** Work to complete **
Your task is to copy the data exactly while leaving out every picture.

(Data extract begins)

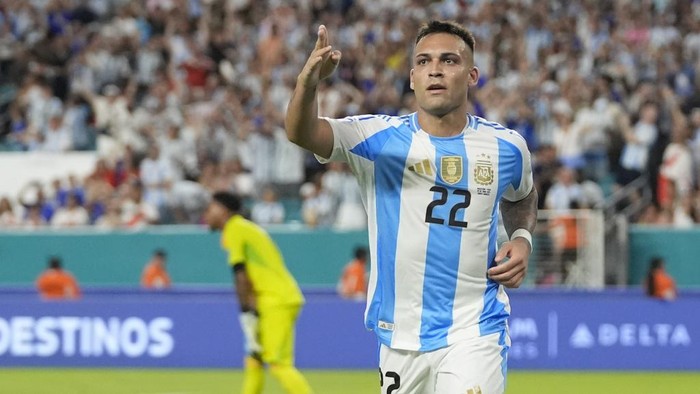 Argentinas Lautaro Martínez (22) celebrates scoring his sides second goal against Peru during a Copa America Group A soccer match in Miami Gardens, Fla., Saturday, June 29, 2024. (AP Photo/Lynne Sladky)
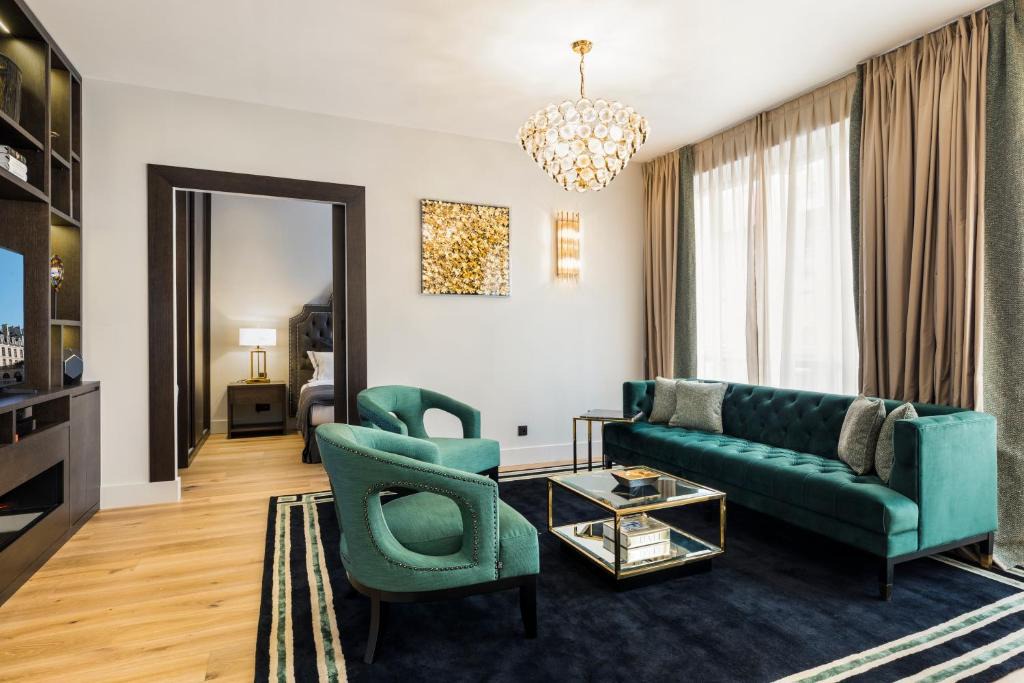 Les Halles Apartment | Luxury Apartment Paris Louvre II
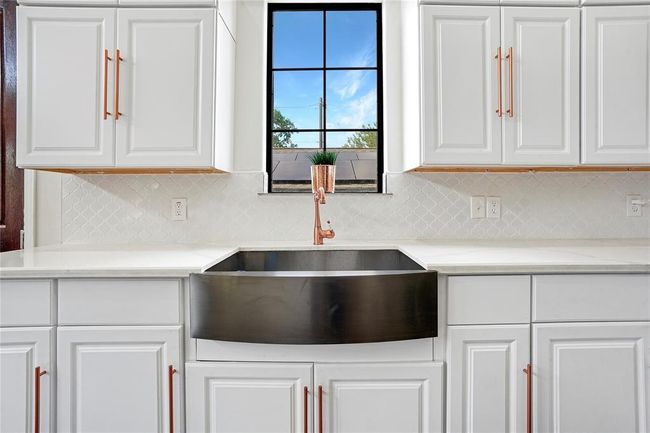 11215 Duane St, House other with 5 bedrooms, 3 bathrooms and null parking in Houston TX | Image 11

(Data extract ends)

** Response to this exercise **
 Argentinas Lautaro Martínez (22) celebrates scoring his sides second goal against Peru during a Copa America Group A soccer match in Miami Gardens, Fla., Saturday, June 29, 2024. (AP Photo/Lynne Sladky)
 Les Halles Apartment | Luxury Apartment Paris Louvre II
 11215 Duane St, House other with 5 bedrooms, 3 bathrooms and null parking in Houston TX | Image 11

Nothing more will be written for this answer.